* [Instructions to follow] Your task is to return all the entries below exactly, with every picture omitted.

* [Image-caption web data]
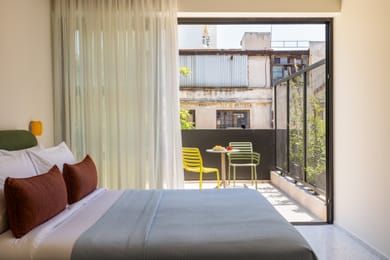 Double Room with Terrace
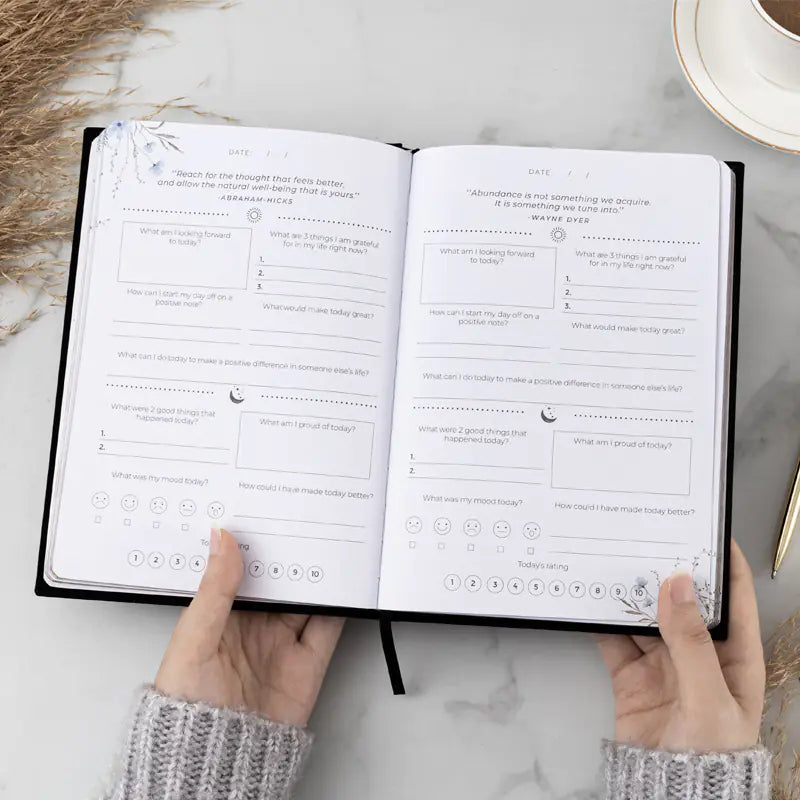 Gratitude Journal for Self-Care and Planning
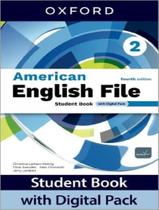 Livro - American English File 2 Sb W/Dig Pk - 4Th Ed.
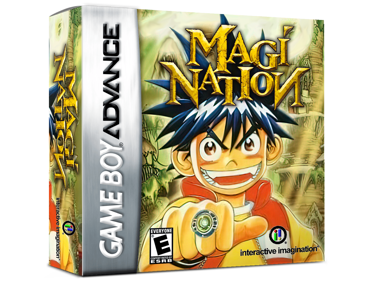 Magi Nation - Box - 3D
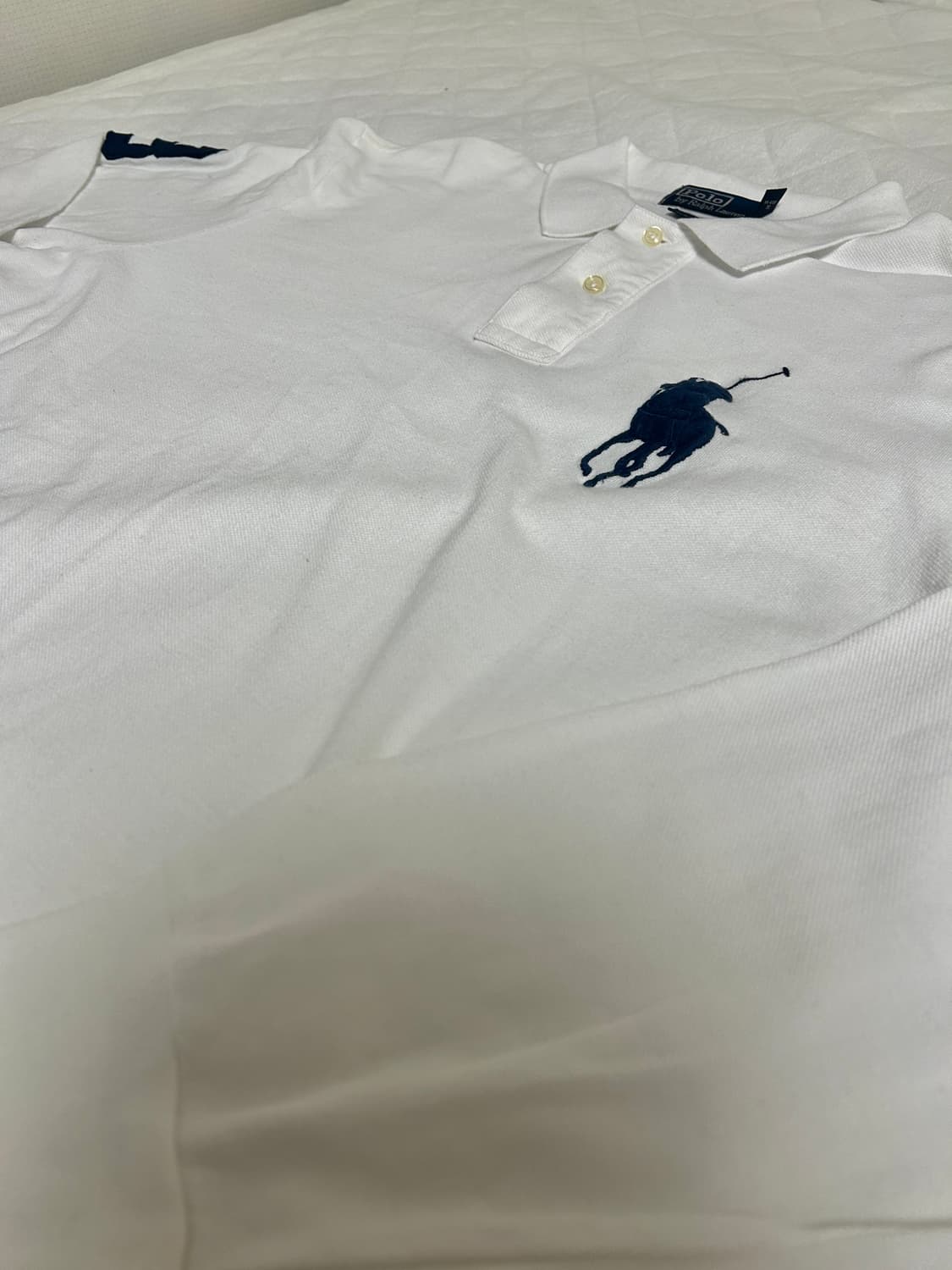 폴로 빅포니 카라티 화이트 상품이미지2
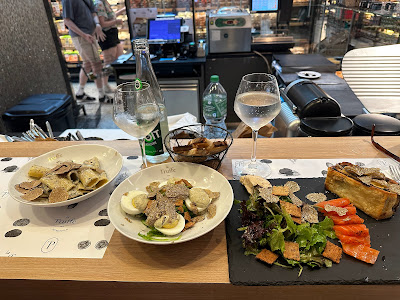 La Truffe par Petrossian à Paris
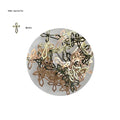 Nail Art Pot - Gold/Rose Gold - CROSS2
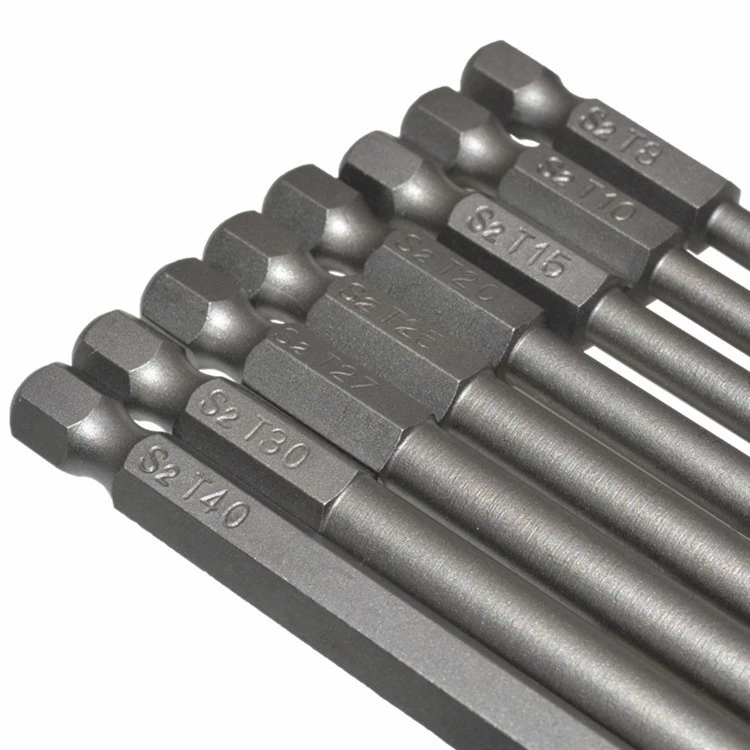 Set, hexagonal metal screwdriver, 8 pieces, 200mm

* [Result below]
 Double Room with Terrace
 Gratitude Journal for Self-Care and Planning
 Livro - American English File 2 Sb W/Dig Pk - 4Th Ed.
 Magi Nation - Box - 3D
 폴로 빅포니 카라티 화이트 상품이미지2
 La Truffe par Petrossian à Paris
 Nail Art Pot - Gold/Rose Gold - CROSS2
 Set, hexagonal metal screwdriver, 8 pieces, 200mm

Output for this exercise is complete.